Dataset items
Content starts
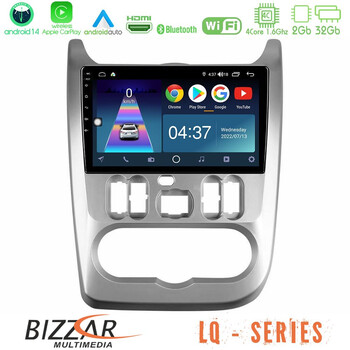 Bizzar lq Series 4core Android14 2+32gb Dacia Duster/sandero/logan Navigation Multimedia Tablet 9" με Carplay & Android Auto u-lq-Dc0766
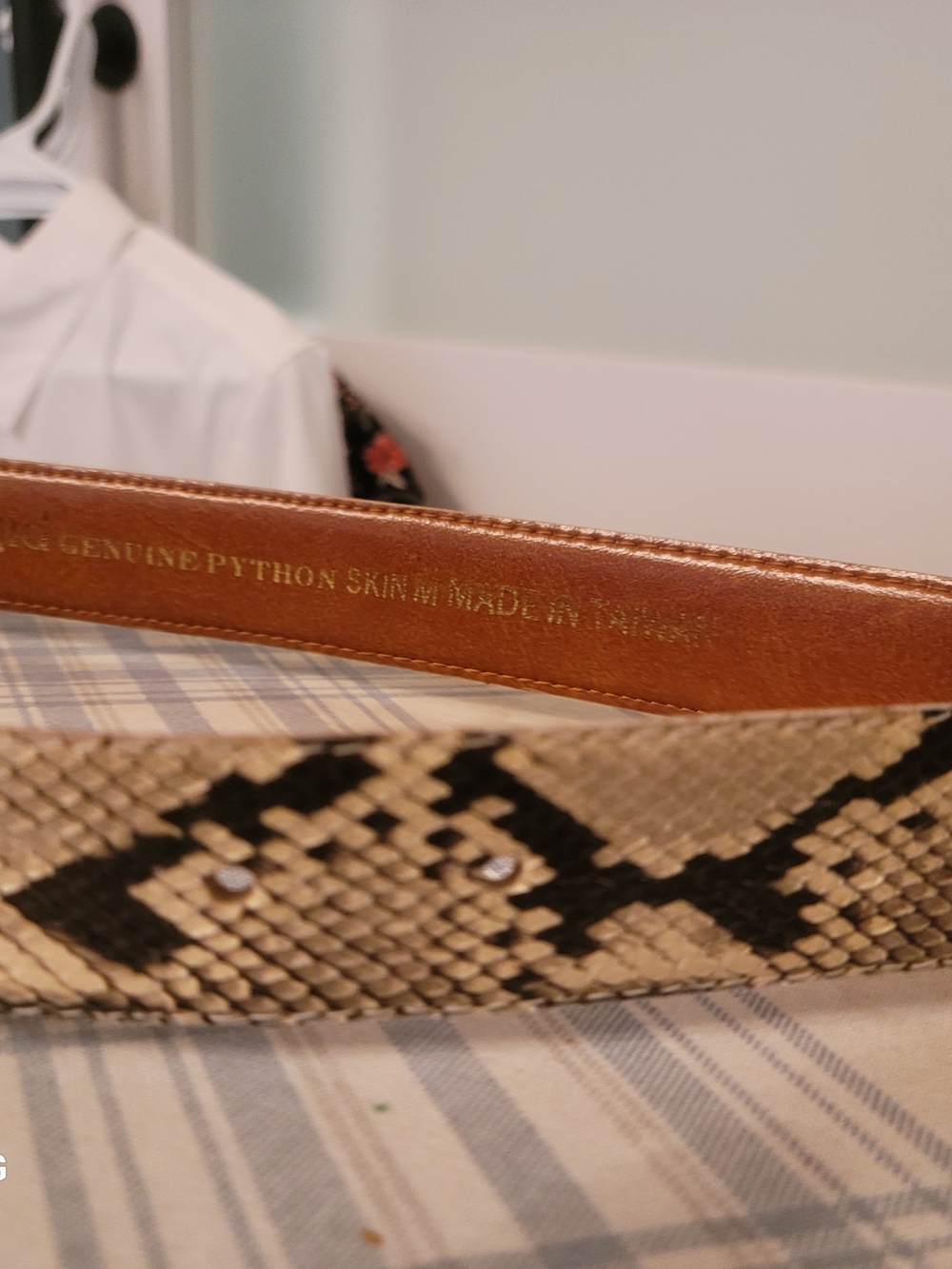 Genuine Python Leather WOMENS Belt in Natural Brown/Black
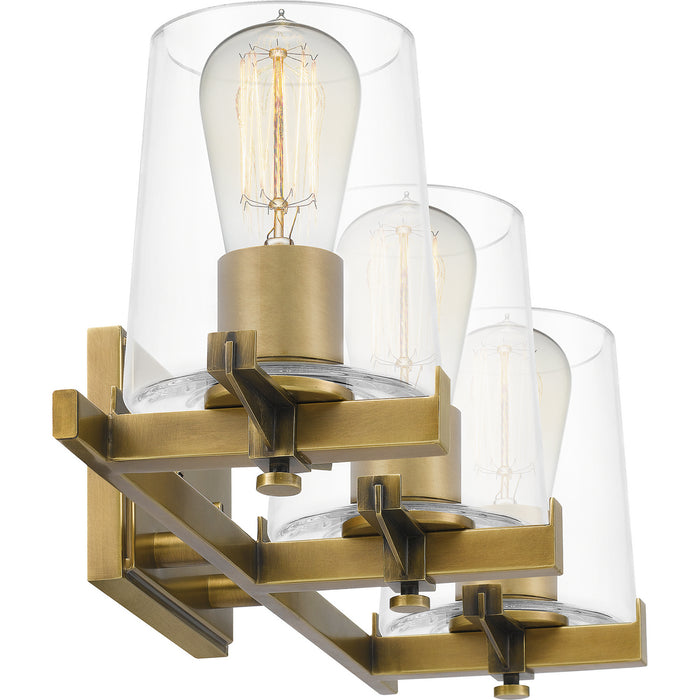 Quoizel PRY8624WS Three Light Bath, Weathered Brass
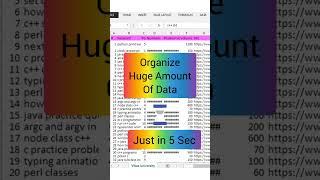 Excel Trick : Organize Big Amount of Data in Just 5 Sec | #shorts #excel #exceltips #exceltricks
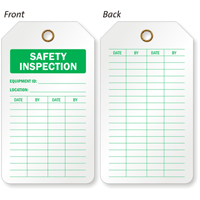 Safety Inspection 2 Sided Inspection and Status Record Tag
Content ends
### BRIEF
Please repeat the lines above from the line containing "Quoizel PRY8624WS Three" through the final line, both included, exactly as they stand and without pictures.

### FINAL ANSWER
 Quoizel PRY8624WS Three Light Bath, Weathered Brass
 Excel Trick : Organize Big Amount of Data in Just 5 Sec | #shorts #excel #exceltips #exceltricks
 Safety Inspection 2 Sided Inspection and Status Record Tag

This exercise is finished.